What __ a data imputation?
Far far away, beyond the seven hills, there are data scientists, data analysts, consultants who don’t have a single thought whether the data they deal with contains any missing values. Unfortunately, we do have to think about it. A lot… The question everybody strives to answer is how to do it properly, efficiently, and effectively at the same time.
Fortunately, the group consisting of Paulina Przybyłek, Renata Rólkiewicz, Jakub Wiśniewski, and Jakub Pingielski (henceforth Authors) has recently faced the challenge of finding the best imputation methods to solve our problems once for all. Their research was comprehensive, like the results.

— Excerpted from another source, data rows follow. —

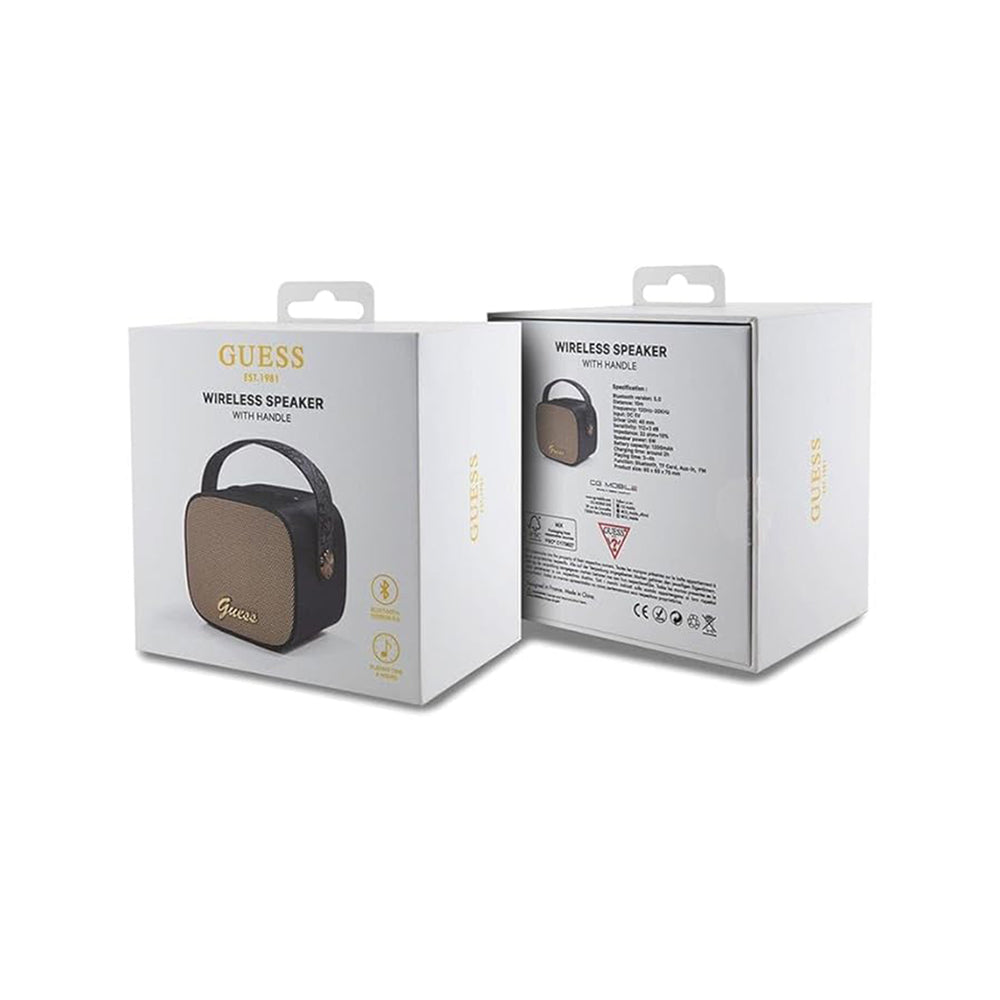 Φορητό Ηχείο Bluetooth Guess 4G Script Logo, 5W, Μαύρο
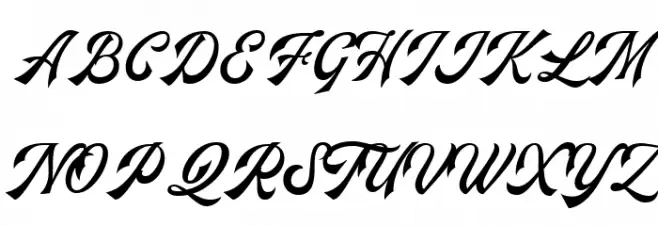 KingdropsScriptDEMO Caratteri MAIUSCOLE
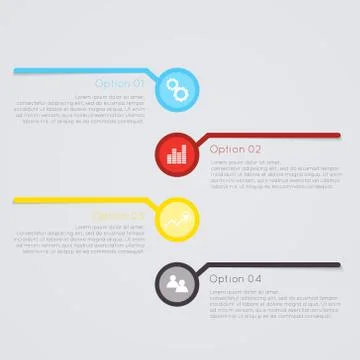 Vector colorful info graphics for your business presentations. Stock Illustration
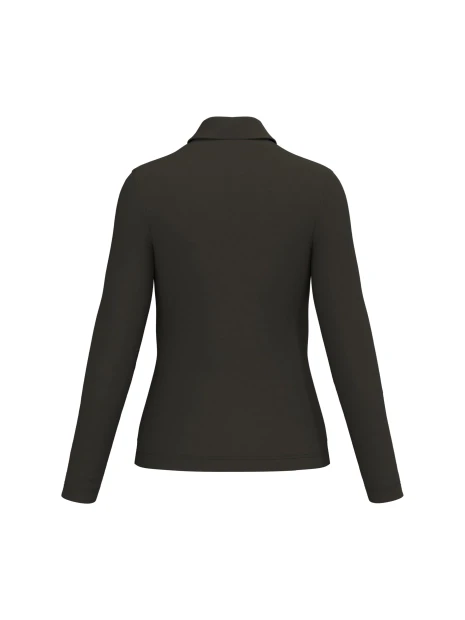 KARIBAN Polo manches longues femme /api/colors/7d4189a1-61a3-430b-83e5-a3a6fe159806 personnalisable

Full paper and robust description can be found at Default imputation efficiency comparison
___ methodology
Authors came up with an idea of creating a versatile pipeline to test as many imputation method - classifier - dataset threes as they could. They ended up with almost 500, which is impressive.
What is worth additional noticing is that they didn’t stop at the median / mean kind of imputation methods but also tried more sophisticated ones like missForest or mice. What’s more - Authors didn’t base on one metric and used 4: ROC AUC, Balanced Accuracy, Geometric Mean and Weighted TPR-TNR (sidenote: those metrics are used for slightly different kinds of problems, so their results are going to give a broader image of imputation methods performance).

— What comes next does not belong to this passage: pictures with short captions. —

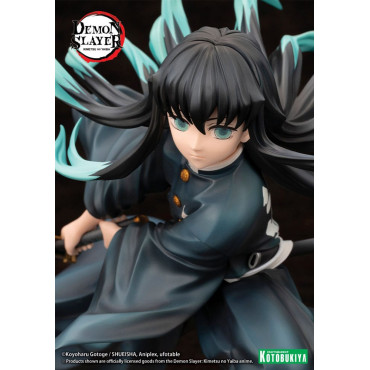 Demon SlayerFigura: Kimetsu No Yaiba Artfxj Pvc 1/8 Muichiro Tokito Edição Bónus 18 Cm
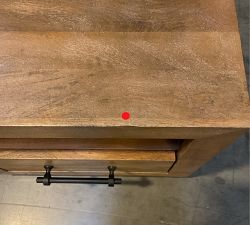 Open Box: Oakleigh Nightstand (25") - Heirloom Wheat, Traditional Hardware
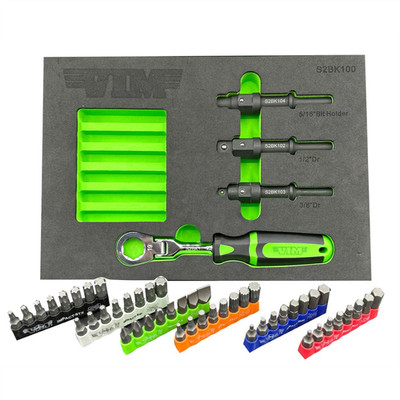VIM Tools 52-Teiliges Shake 2 Break Master Kit Mit Impact Bits S2BK100K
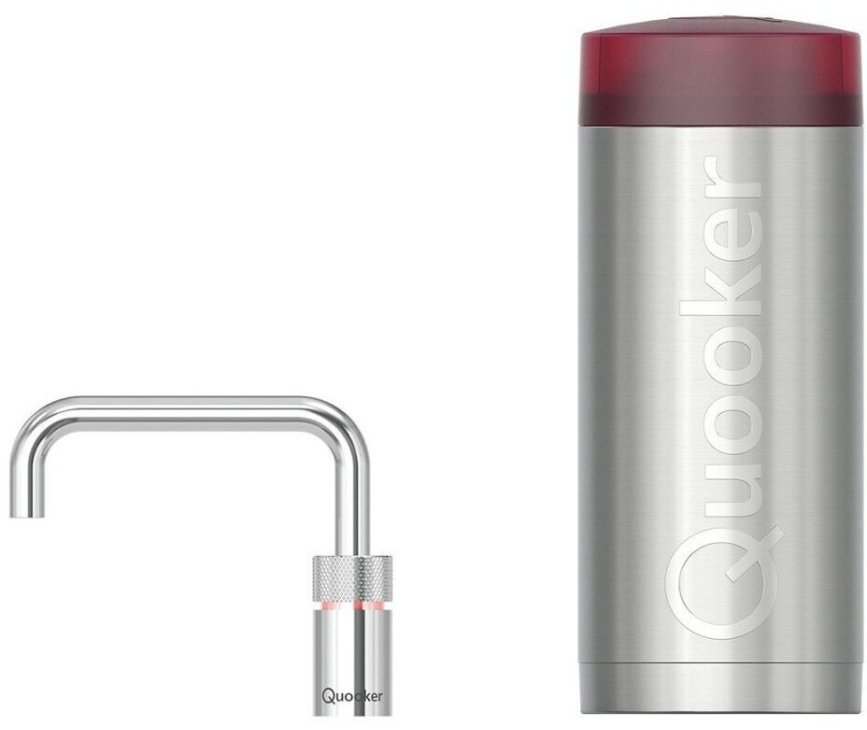 Quooker COMBI Nordic Square CHROOM kokend water kraan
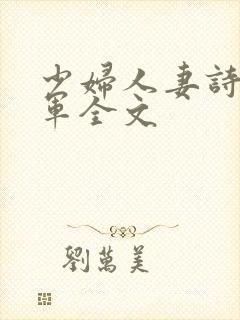 少妇人妻诗雨小军全文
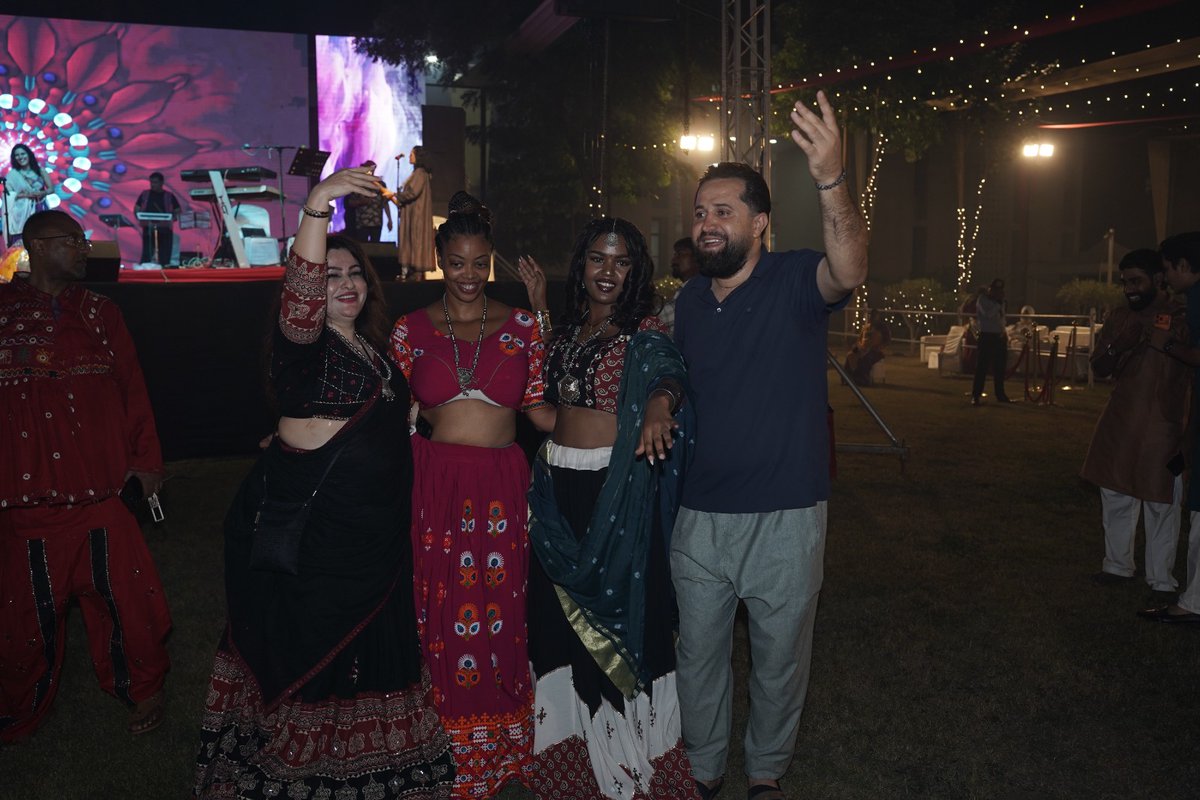 EDIIAhmedabad's tweet photo. Garba, music, and cultural connections made Jhankaar 2026 a memorable celebration for ITEC participants! 💃🕺

68 participants from 17 countries, attending programmes under the ITEC Programme sponsored by the Ministry of External Affairs, Government of India, joined the EDII family to celebrate Navratri and experience Gujarat’s rich cultural traditions.

Here’s a glimpse of our international participants enjoying the festive spirit of Jhankaar 2026 at EDII! 🌟

@PMOIndia @MEAIndia @VirajSinghIFS  @IndianDiplomacy @dpa_mea @iccr_hq @ICCR_GUJARAT @ITECnetwork @MinOfCultureGoI
@CMOGuj @ihcdhaka @IndiaInEthiopia @HCI_Accra
@EI_Baghdad @IndianEmbassyML @india_nigeria 
@IndiainNamibia @IndiainSL @IndiainTanzania
@IndiainZimbabwe @IndiaVenezuela @IndiainLiberia
@HCI_PortLouis @hci_seychelles @hci_pretoria
@DrMilindKamble @EDII_DGO @Drsunilshukla2

#EDII #EDIIAhmedabad #ITEC #Jhankaar2026 #Navaratri #Garba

Although Authors tested only small and medium-size datasets (5K observations isn’t that big) obtained results can be at ease applied broadly.
What ___ the results?
Many conclusions can be driven out of the mentioned research but one takes the first place. What turned out is that simple, basic imputation methods (except harsh column removing) perform the best across datasets and models (even random fill!). Furthermore, the Authors created another contest metric - the time of calculations, which is fair, because imputations taking several hours or days to finish are relatively not usable at all.
No hardcore data scientist is necessary to interpret the above graphics properly. As mentioned, basic imputation methods create presumably the biggest gains compared to final classifiers’ performance.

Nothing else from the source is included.